L’école Tiantai (天台,Tiāntái) : fondée au VIe siècle, l'école Tiantai insiste sur l’idée que tout homme possède la nature de Bouddha et peut atteindre l’éveil. Elle affirme aussi que cet éveil peut être subit et ne nécessite pas nécessairement de longues pratiques graduelles.
L'école Huayan (華嚴 huáyán) : Fondée au VIe siècle, cette école, comme l’école Tiantai, affirme que tout homme possède la nature de Bouddha et peut atteindre l’éveil sans passer par plusieurs vies d’ascèse. Par ailleurs, elle insiste sur l'harmonie du monde, sur le fait que toutes les parties de l’univers sont reliées les unes aux autres et que tous les phénomènes s'interpénètrent.
L’école Chan (禪) – devenue l’école Zen en japonais
S’il y a eu plusieurs courants du bouddhisme chinois en dehors de l’école chan, cette dernière est certainement l’une des plus originales (même si elle est aujourd’hui bien plus populaire au japon – bouddhisme Zen – qu’en Chine).
Cette école fondée au VIe siècle insiste beaucoup sur l’importance de l'expérience directe de l'Éveil par les méthodes les plus simples possibles, notamment certaines pratiques méditatives (le caractère chan 禪 est d’ailleurs une transcription en chinois classique du sanskrit dhyâna, pratique spirituelle préparatoire souvent désignée par l'expression « méditation silencieuse »).

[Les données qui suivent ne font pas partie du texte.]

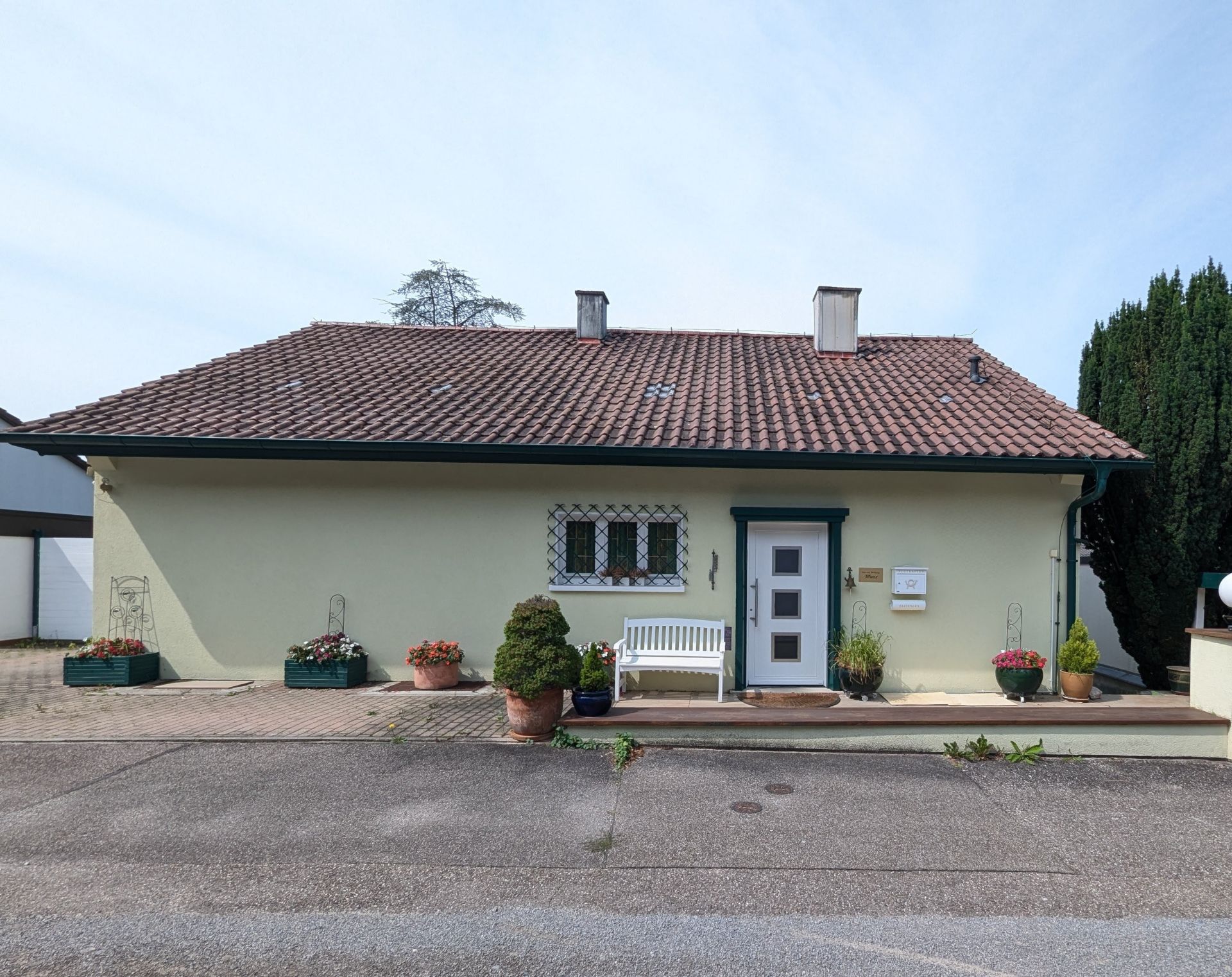 Vorderansicht eines Hauses mit rotem Dach, Bank und Blumenkübeln vor dem Eingang.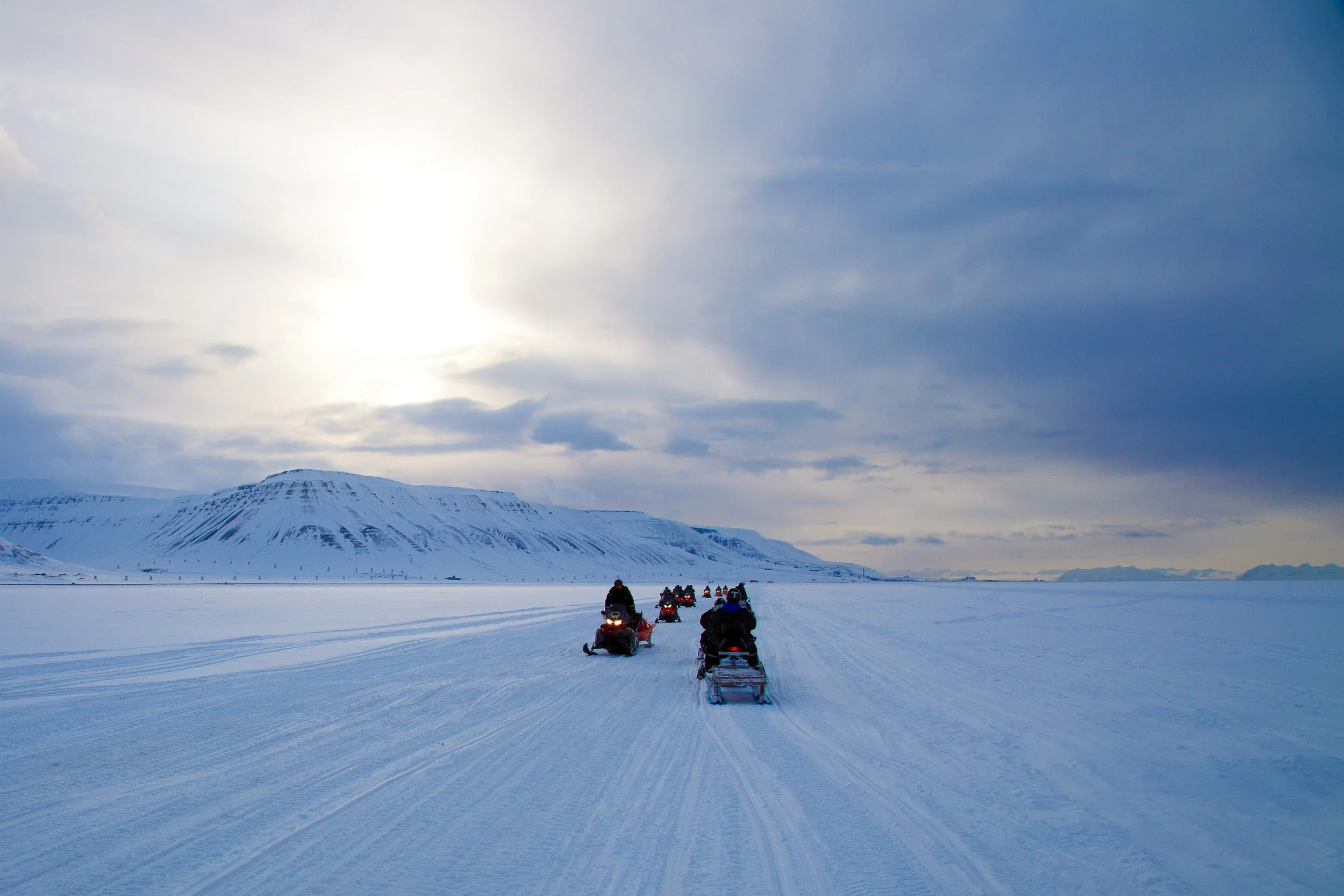 A line of snowmobiles crosses Adventdalen under cold light and a vast Svalbard sky.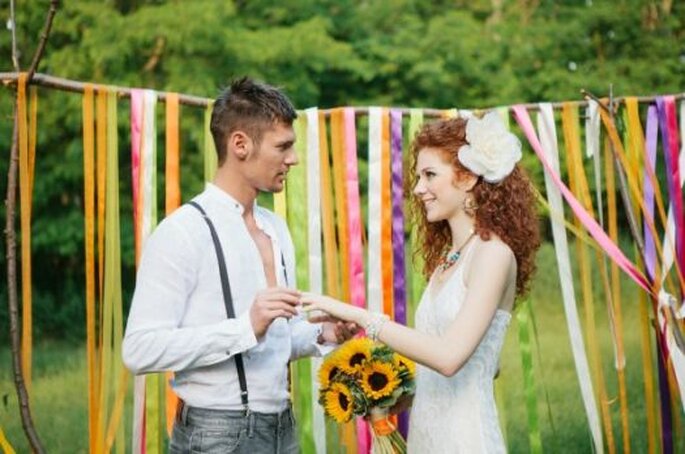 Noivos pousam junto ao altar colorido. Foto: Bell Studio.
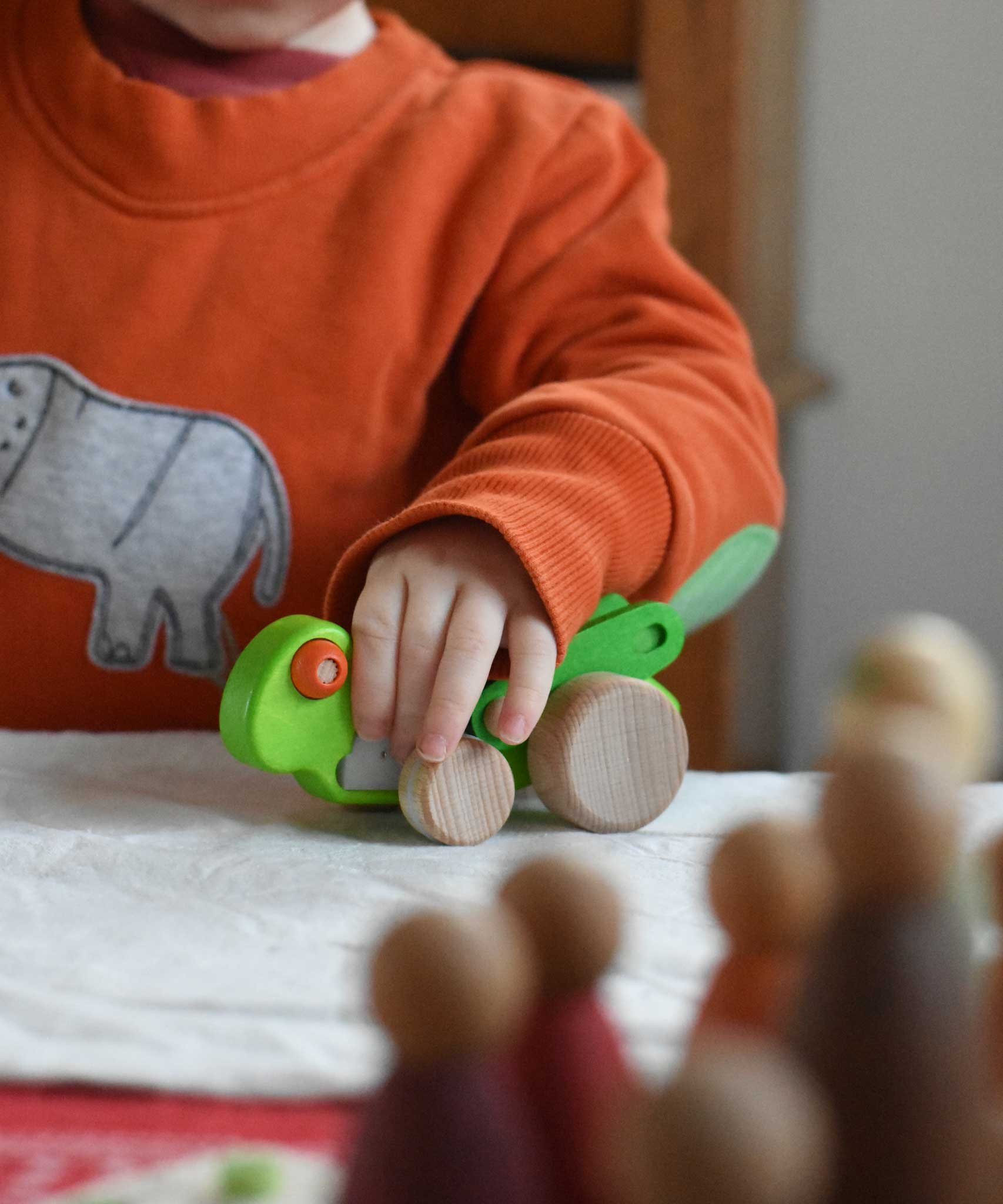 A child playing with the Bajo green Grasshopper wooden toy. These heirloom quality toys by Bajo are part of a wide range of wooden toys available here at Babipur.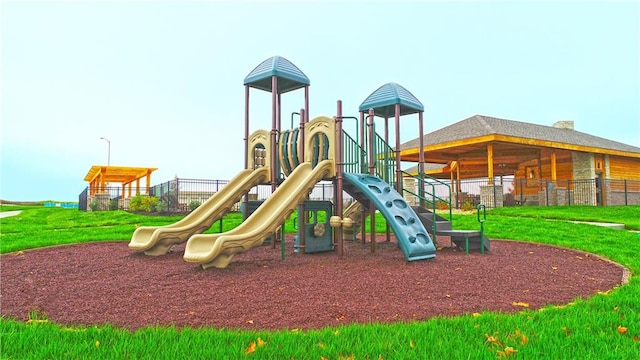 view of playground featuring a lawn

Au VIIe siècle, une querelle opposa le « chan du Sud » (représenté entre autres par les moines Huìnéng 惠能 et Shen-hui 神會) qui prônait la perspective d’une illumination subite et le « chan du nord » qui estimait qu’il fallait de nombreuses années d’ascèse pour parvenir graduellement à l’éveil. Cette discussion entre « subitistes » et « gradualistes » restera fameuse dans l’histoire de la pensée chinoise.
A partir du IXe siècle, l’école Chan connait une division en deux écoles (encore très présentes au Japon) :
- L’école Linji (connue au japon sous le nom d’école Rinzai) : Cette école du Chan, fondée au IXe siècle et qui tire son nom du moine Línjì Yìxuán 臨済義玄, défend un rejet du culte, des rituels et des discours et propose l'utilisation de méthodes d'« éveil » déconcertantes. Par exemple, Linji tentait de surprendre le disciple au moyen de cris, ou même de coups, afin de briser ses barrières mentales pour l’amener à l’illumination instantanée.
- L'École Caodong (曹洞宗 caodongzong) plus connue aujourd’hui sous son nom japonais (école sōtō) : contrairement à l’école Linji, cette école insiste sur la méditation assise (aujourd’hui surtout connue sous le nom japonais de zazen).